Only the lines from the one bearing "93 Pilling St #1 — Photo 8" through the end of the listing belong in your response, restated word for word and without pictures.
*** Opening GIVEN RECORDS ***
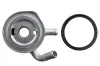 Ölkühler, Motoröl MTR 13311094 Bild Ölkühler, Motoröl MTR 13311094
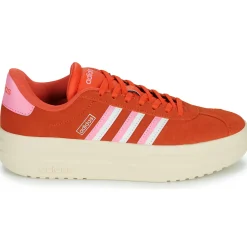 Adidas Sportswear - VL COURT BOLD
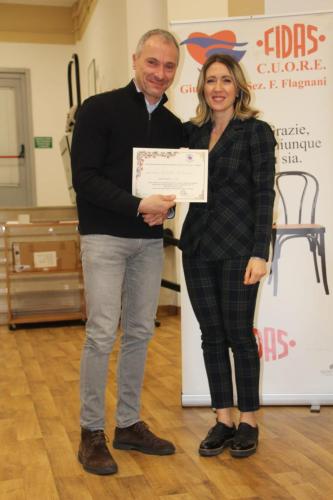 WhatsApp-Image-2025-03-27-at-10.05.55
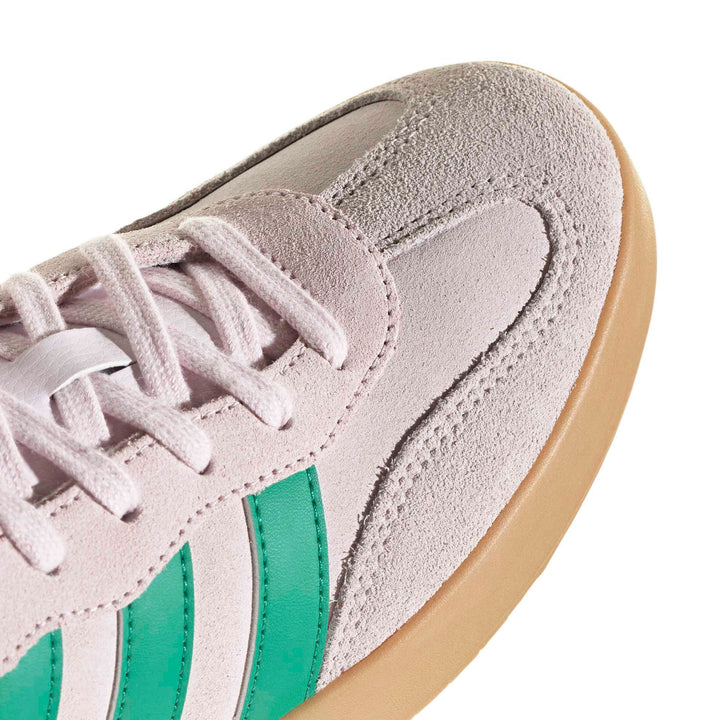 adidas Barreda - almpnk/secogr/icepur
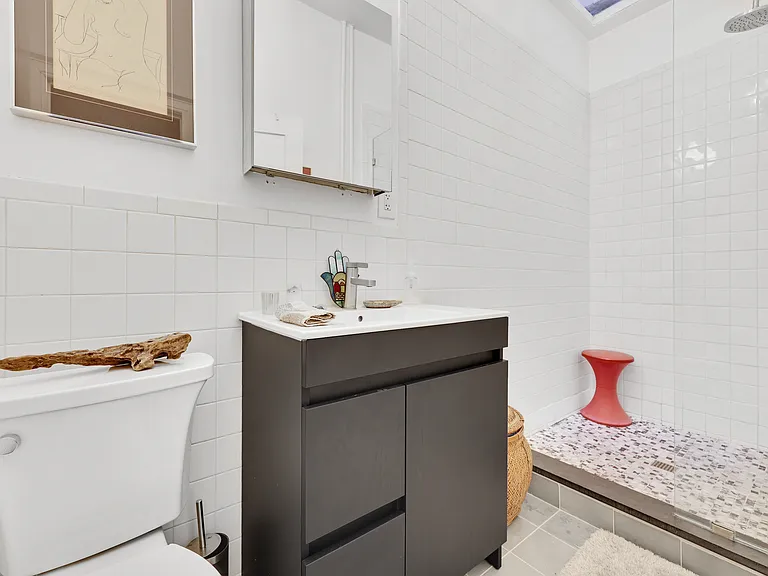 93 Pilling St #1 — Photo 8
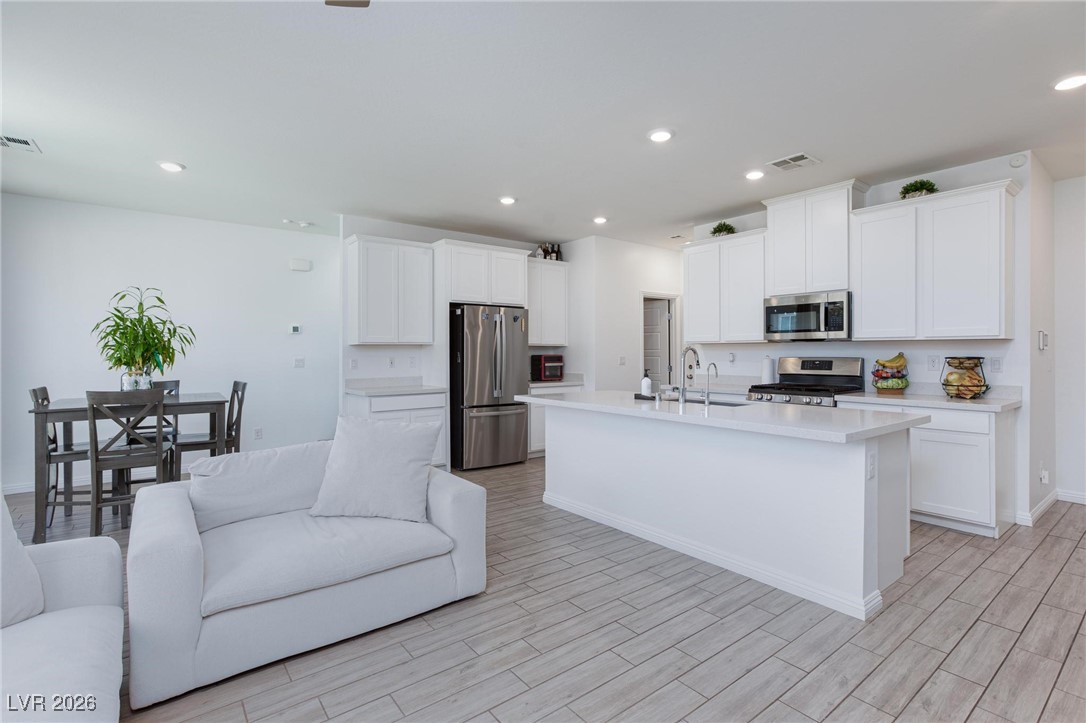 9652 Rankin Ridge Court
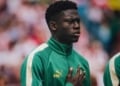 Bara Sapoko Ndiaye : “Je rends toute la gloire à Dieu pour cette expérience inoubliable…”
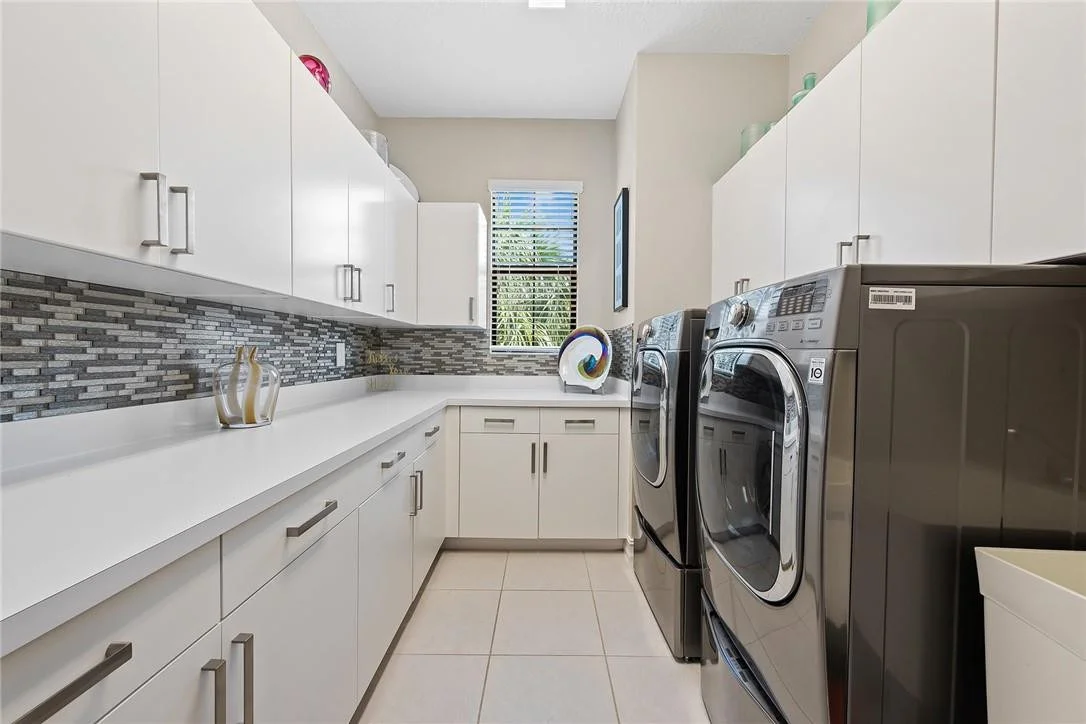 Photo of 14205 Paverstone Terrace
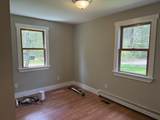 29 Paul Road - Photo 14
*** Closing GIVEN RECORDS ***
- _ANSWER TO THIS PROBLEM_:
 93 Pilling St #1 — Photo 8
 9652 Rankin Ridge Court
 Bara Sapoko Ndiaye : “Je rends toute la gloire à Dieu pour cette expérience inoubliable…”
 Photo of 14205 Paverstone Terrace
 29 Paul Road - Photo 14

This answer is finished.